MWB (Music Without Borders) in Finnmark

The artistic research project Music Without Borders, based at the University of Agder, Kristiansand, is now in its second year. In mid-March, Bjørn Ole Rasch, project leader, and myself travelled to Kautokeino in Finnmark to record two Sami vocalists at Arctic Studios, together with musician/producer Roger Ludvigsen. The core of the project is series of recordings of traditional folk music from Setersdal in the south of Norway, and each new iteration is a response to these recordings. So far, musicians from Asia and from the Middle East have responded to the recordings, in many different ways. This time we were working with musicians representing a very different tradition in Norwegian music, coming from the far north, in the county of Finnmark. Kautokeino is a small town on the Finnmark Plateau, a centre of cultural activity for the Sami population and it lies in the midst of a spectacular landscape. Both musicians we recorded on this occasion are highly accomplished exponents of the Sami vocal tradition known as "Joik" - deeply immersed in the tradition of this music, but equally able to improvise and to respond directly to the recordings that were played to them. It was a privilege and an inspiring experience to work with Roger Ludvigsen,  Per Tor Turi and Sara Marielle Gaup Beaska!

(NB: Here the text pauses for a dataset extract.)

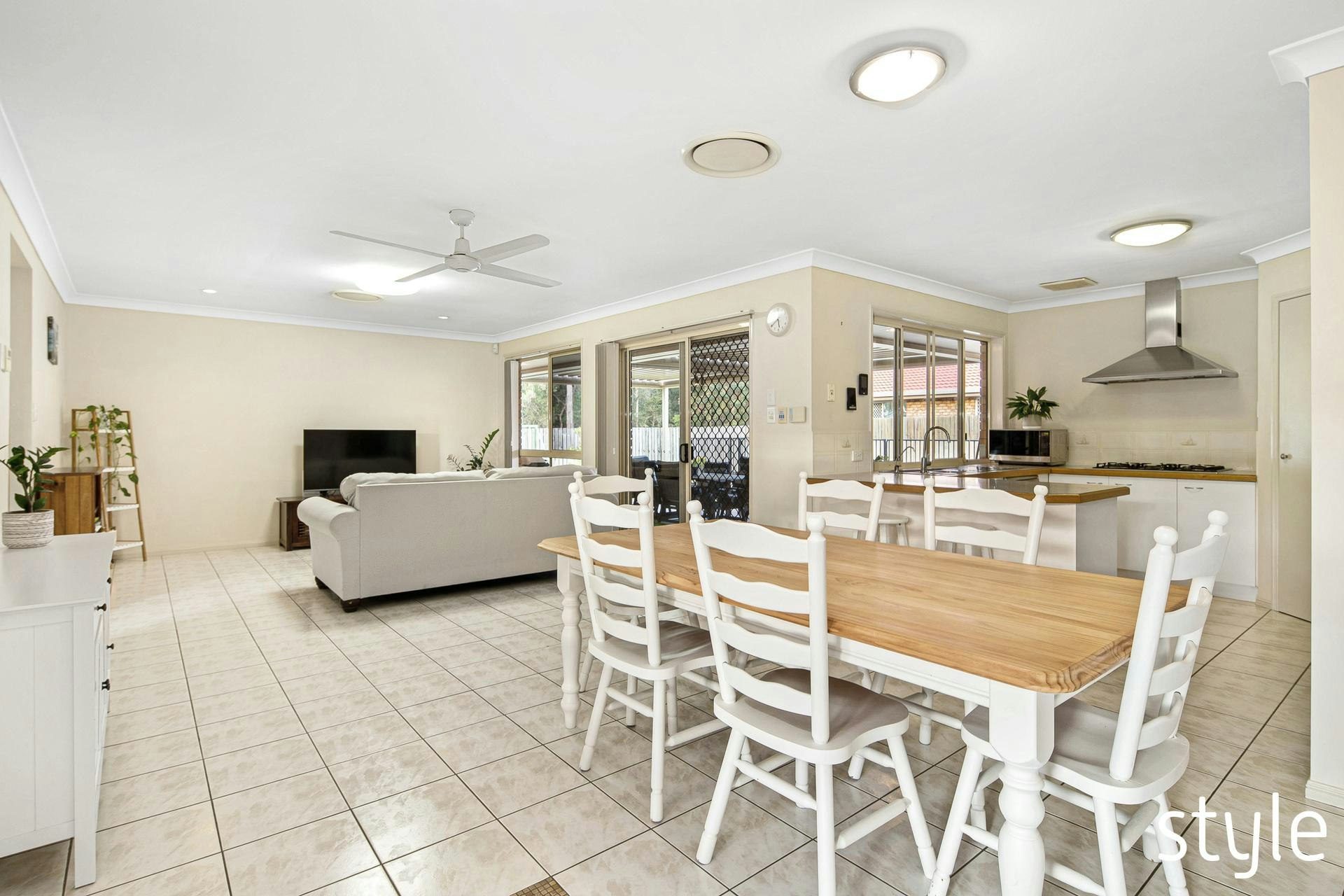 Image of dining room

Arctic Studios, Kautokeino



Overview of Kautokeino from the top of the old ski jumping structure


3/6/16

A + R (again)

Having spent the last few days reviewing applications for a professorship focussed on artistic research, I'm once again reflecting upon this issue and my own position with regards to it. By now, artistic research within higher arts education has become a standard and prominent feature of the academic programmes of arts universities and art academies, and a number of orthodoxies have started to feature. One of these is the tendency toward Phd programmes that are not radically different from standard academic/scientific Phd's, where art practice is often a lesser component of the research undertaken, and another, the so-called Norwegian Model, places artistic practice at the centre with (theoretical) reflection as a support and a contextualising methodology.

I look at my own current practice which occurs both within and outside of academia, and consider to what extent it can be described as artistic research, while it still remains art practice framed within a professional art environment. My long-standing and ongoing collaboration with sound artist & composer Trond Lossius bears many of the characteristics that have become hallmarks of artistic research projects within institutions; it is collaborative, experimental, investigative, focussed upon elaboration of specific themes or questions, and it generates reflection through the process of developing, producing and exhibiting trans-disciplinary artworks.

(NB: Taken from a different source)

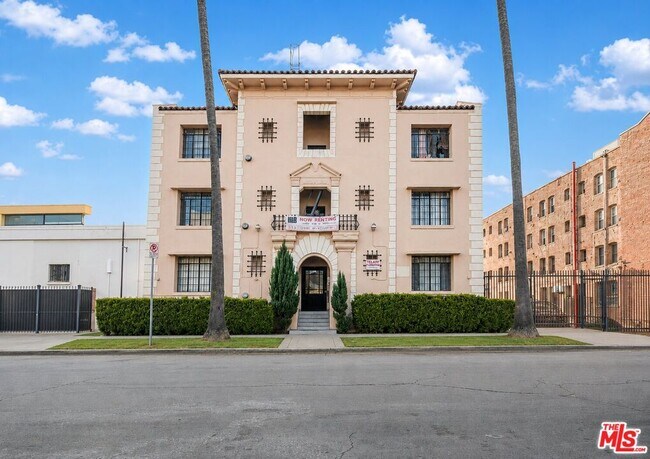 Building Photo - 259 S Harvard Blvd Unit 200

Our current project "The Atmospherics" is now entering its fifth phase, leading toward an exhibition at Sogn og Fjordane Museum of Art in Førde (Norway) in June 2016. This will be our largest installation to date and will be entitled "The Atmospherics part 5: Stop, Hey, Watch That Sound". It will comprise multiple video projections and a surround sound installation, featuring material recorded on field trips through Western Norway since 2014. Completion of this new installation will represent a nodal point in the project, where a thorough documentation of the whole project to date will become a priority, and it will provide vantage point from which to reflect over the processes, problems, investigations and aesthetic solutions that have characterised the project so far. I feel we have now developed a set of methods that are robust and ultimately transferable, so that they can be exported to future projects, and can also form the basis of academic work, both in terms of teaching and research. The crucial factor is that this potentiality arises from the extended period of creative work which the project represents. For us, the research is deeply embedded within practice and reflection is enabled by the experience of working.

The Atmospherics part 4: And Sometimes The Light Hurts Our Eyes. Heimdal Kunstforening, January 2016.